Students engineer robotic future
Engineering students who thought the work of lamp post cleaners and painters was too dangerous have designed a robot to help them.
The 'mechatronic' device - so-called because it combines mechanical, electronic and computer engineering - can climb and clamp itself to the post, powered by a compressed-air pump and controlled automatically or manually by a micro-processor.
Alan Fung Sik-lun, leader of the four City University students who designed the robot as their final-year project, said he was inspired by the workers and wanted to make a machine to help reduce their risks.
'I saw the workers cleaning the lamp posts in mid-air. It's quite dangerous,' he said. 'I hope this will be available on the market in the future.'
Mr Fung said most of the time spent on designing the robot involved working out numbers and making sure it was structurally strong and secure enough to do its job.

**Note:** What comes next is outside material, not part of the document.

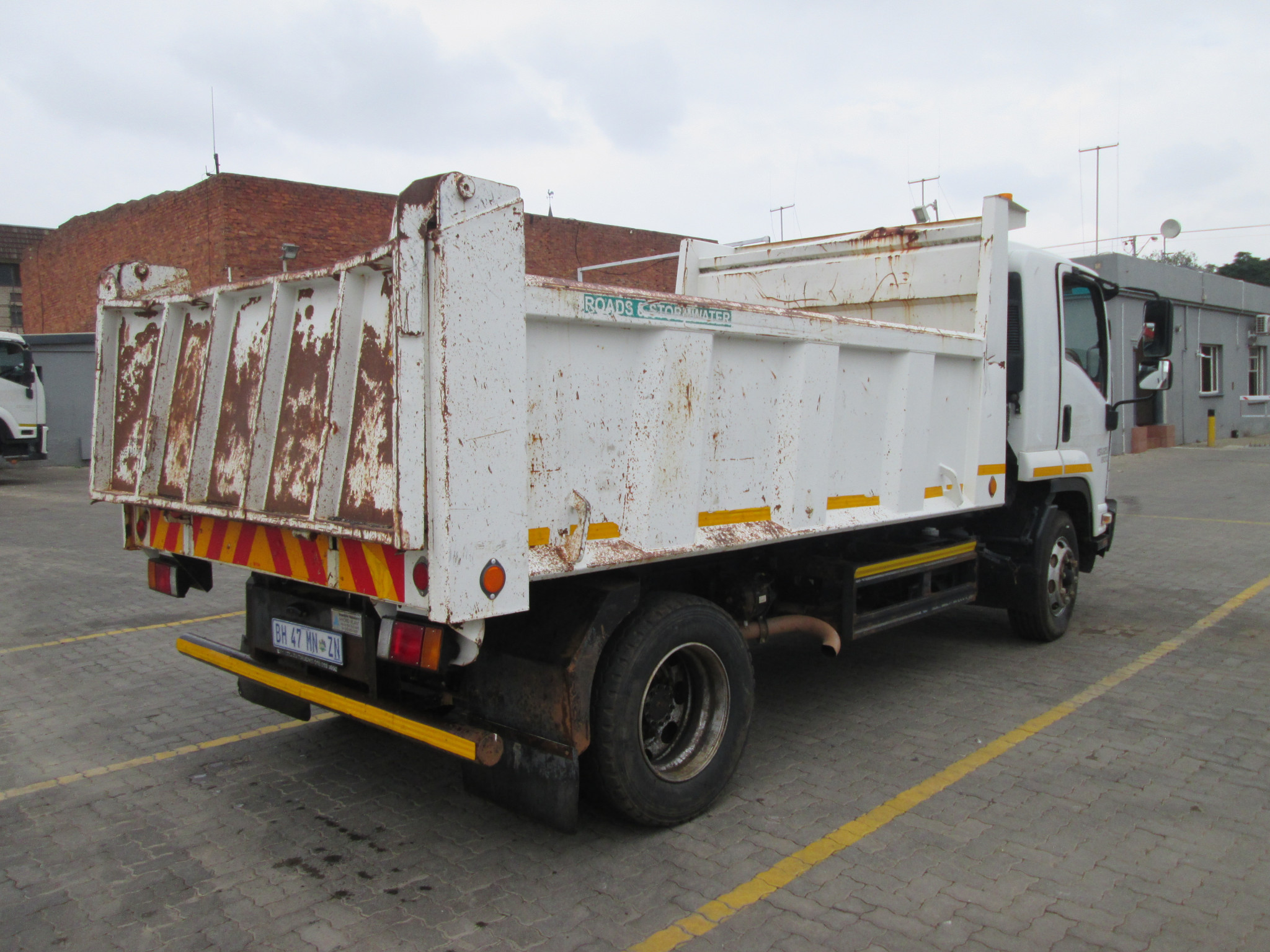 2018 ISUZU FSR800 6CUBE TIPPER - Image 7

'We spent a lot of time doing the calculations. We didn't know too much programming when we started it, so it was like learning and working at the same time,' he said.
The project earned the four students a good grade but Mr Fung does not seem to be satisfied with that. 'I don't want to limit its function. I hope it can do more, like adding robot arms to it to switch on light bulbs.'
The prototype weighs 15kg and can climb up to 2 metres, but Mr Fung said there is no limit to how high it could go after modifications to its weight and design.

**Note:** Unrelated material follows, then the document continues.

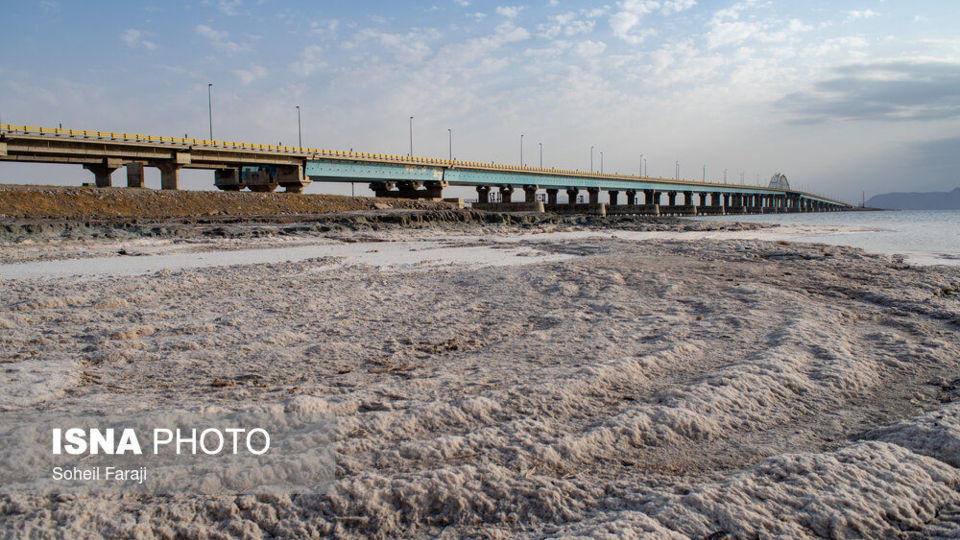 خشک شدن ۹۵ درصد آب دریاچه ارومیه خشک شدن ۹۵ درصد آب دریاچه ارومیه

Another highlight was provided by students from Carmel Divine Grace Foundation Secondary School, whose Treasure Hunting Robot operates underwater and can also collect rubbish.
A group of Form 4 students made a dancing 'megatronic' robot. Alvin Lai Tsun-lok, 15, and his schoolmates, inspired by the summer action movie Transformers, took three months to make the yellow robot 'Bumblebee' dance.
The 50 inventions are on display as part of a student science exhibition the Metro City Plaza Phase 2 until October 7.